A República de Seychelles lançou o primeiro título soberano azul do mundo em outubro de 2018 – um instrumento financeiro pioneiro projetado para apoiar projetos marinhos e de pesca sustentáveis, além de suportar o turismo destas ilhas. As obrigações emitidas arrecadaram 15 milhões de dólares, revelaram o interesse dos investidores internacionais, e demonstraram o potencial dos países para aproveitar os mercados de capitais para financiar o uso sustentável dos recursos marinhos, recorda Paulo Rosa. Mas o interesse dos Estados não fica por aqui.

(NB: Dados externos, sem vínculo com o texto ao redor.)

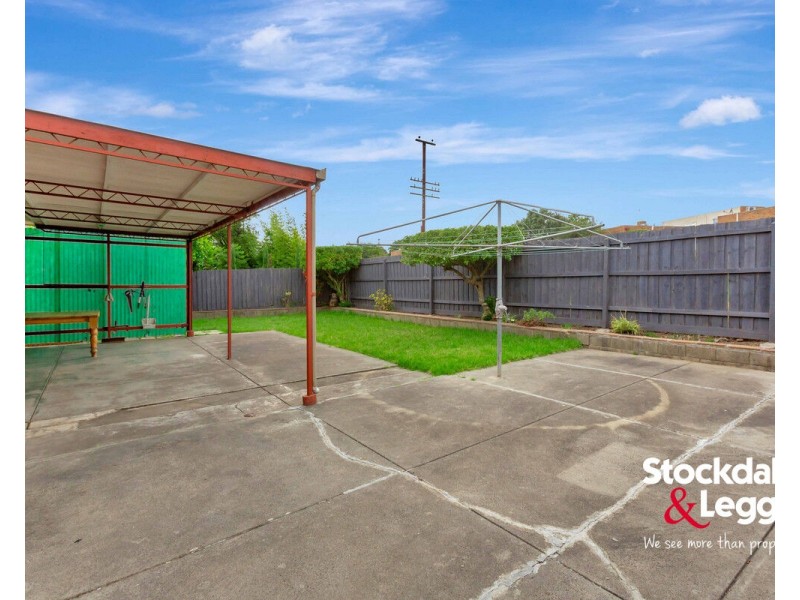 102 Outlook Drive, Glenroy VIC 3046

A economia azul e respetivas emissões de dívida azul estão mais associadas a países com significativas zonas costeiras, diz.
O mesmo economista considera um “marco” a emissão de dívida azul do Banco da China, em setembro de 2020, já que o acordo equivalente a 942,5 milhões de dólares foi o primeiro título azul do setor privado e também o primeiro título azul de um banco comercial.
Mais recentemente, em Portugal, a empresa de capital de risco Faber lançou um fundo dedicado a impulsionar a sustentabilidade oceânica e a inovação na ação climática, o Faber Blue Pioneers I, que arrecadou um total de 32 milhões de euros e já fez o seu primeiro investimento, apoiando a empresa alemã de tecnologia limpa Fuelsave.